A faithful copy is required. Print each line of the data exactly and omit the pictures.
• • • • •
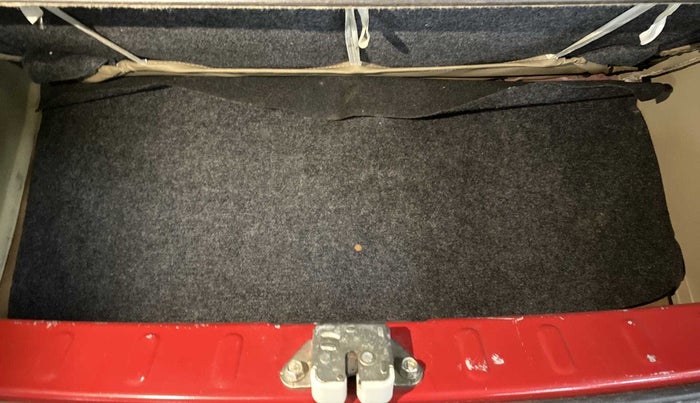 2015 Honda Brio VX MT, Petrol, Manual, 36,403 km, Boot Inside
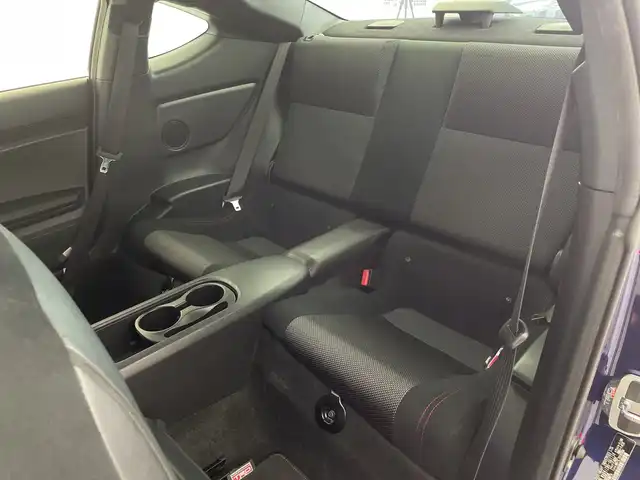トヨタ ８６ 14R 愛知県 2016(平28)年 3.6万km アズライトブルー TRDエアロ/TRD18インチアルミホイール/純正ナビ/・Bluetooth/・CD/DVD/・フルセグテレビ/・SD音楽録音/バックカメラ/クルーズコントロール/プッシュスタートボタン/ETC/LEDヘッドライト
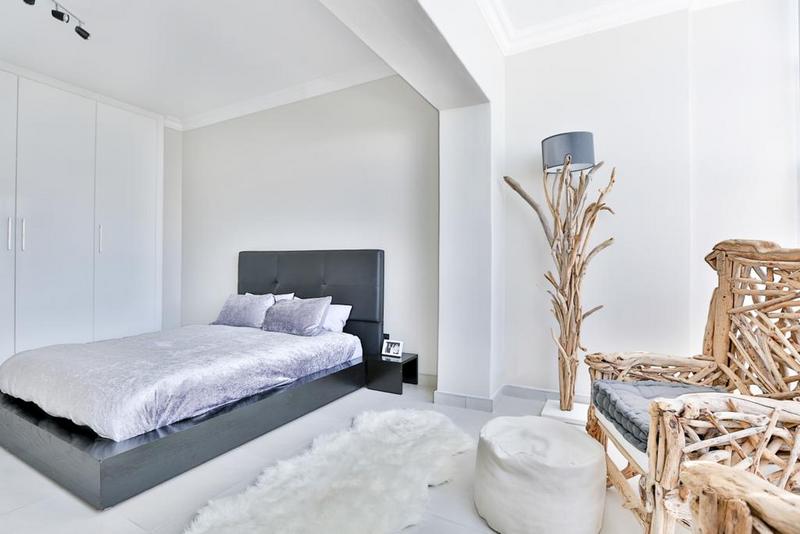 To Let 2 Bedroom Property for Rent in Sea Point Western Cape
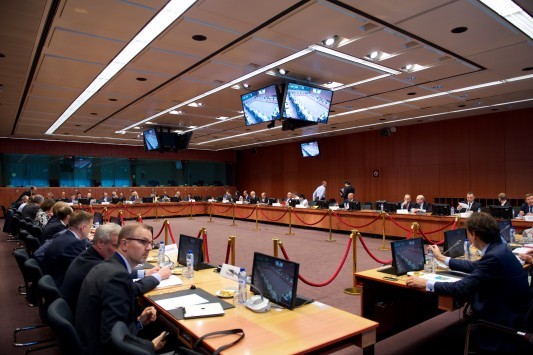 Κλείδωσαν ΦΠΑ, έκτακτη εισφορά και φόροι – Στον αέρα συντάξεις και εργασιακά – Πρώτα μέτρα ύστερα τα λεφτά λένε οι δανειστές – Έκτακτο Eurogroup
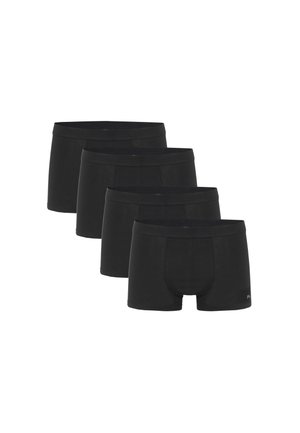 Vier schwarze Herrenboxershorts mit elastischen Bundbändern, versetzt angeordnet auf weißem Hintergrund.
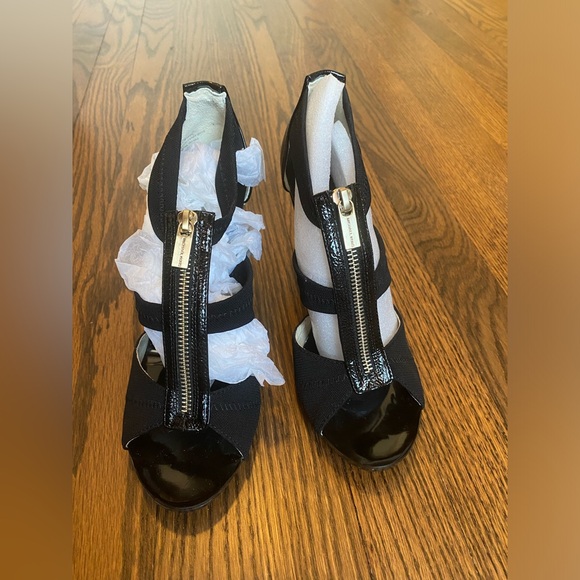 Michael Kors Berkley T strap heels, size 9m, color black, like new condition - Picture 1 of 7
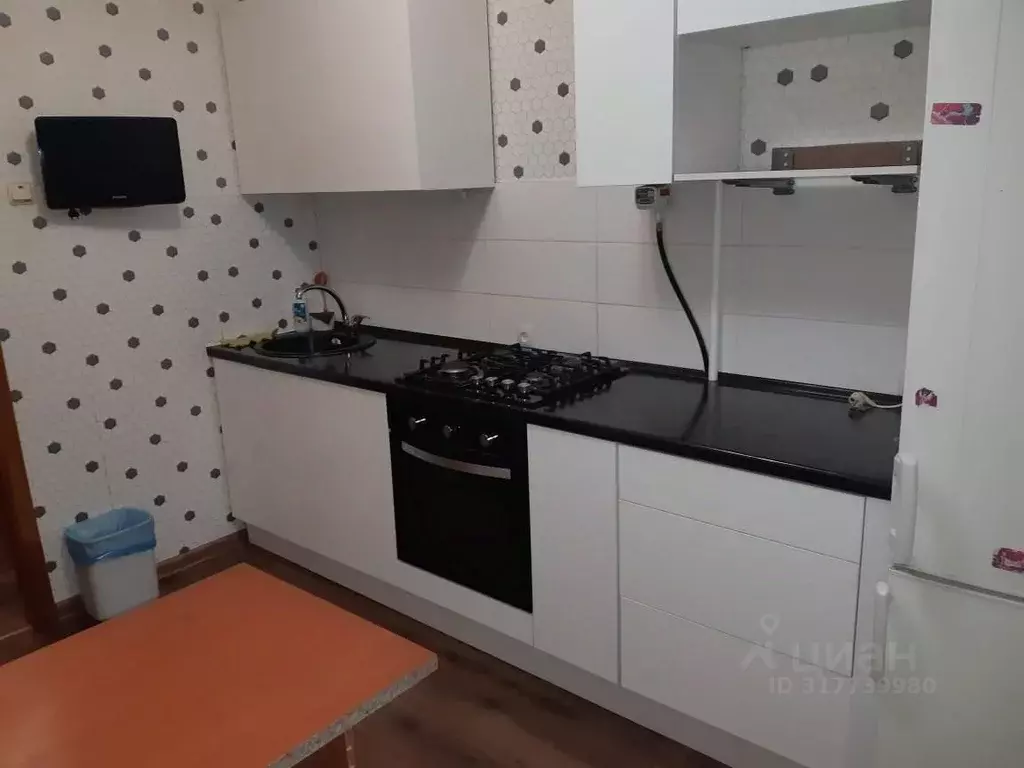 3-к кв. Башкортостан, Уфа ул. Ухтомского, 17/1 (78.0 м) - Фото 0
• • • • •
**EXERCISE OUTPUT**
 2015 Honda Brio VX MT, Petrol, Manual, 36,403 km, Boot Inside
トヨタ ８６ 14R 愛知県 2016(平28)年 3.6万km アズライトブルー TRDエアロ/TRD18インチアルミホイール/純正ナビ/・Bluetooth/・CD/DVD/・フルセグテレビ/・SD音楽録音/バックカメラ/クルーズコントロール/プッシュスタートボタン/ETC/LEDヘッドライト
 To Let 2 Bedroom Property for Rent in Sea Point Western Cape
 Κλείδωσαν ΦΠΑ, έκτακτη εισφορά και φόροι – Στον αέρα συντάξεις και εργασιακά – Πρώτα μέτρα ύστερα τα λεφτά λένε οι δανειστές – Έκτακτο Eurogroup
 Vier schwarze Herrenboxershorts mit elastischen Bundbändern, versetzt angeordnet auf weißem Hintergrund.
 Michael Kors Berkley T strap heels, size 9m, color black, like new condition - Picture 1 of 7
 3-к кв. Башкортостан, Уфа ул. Ухтомского, 17/1 (78.0 м) - Фото 0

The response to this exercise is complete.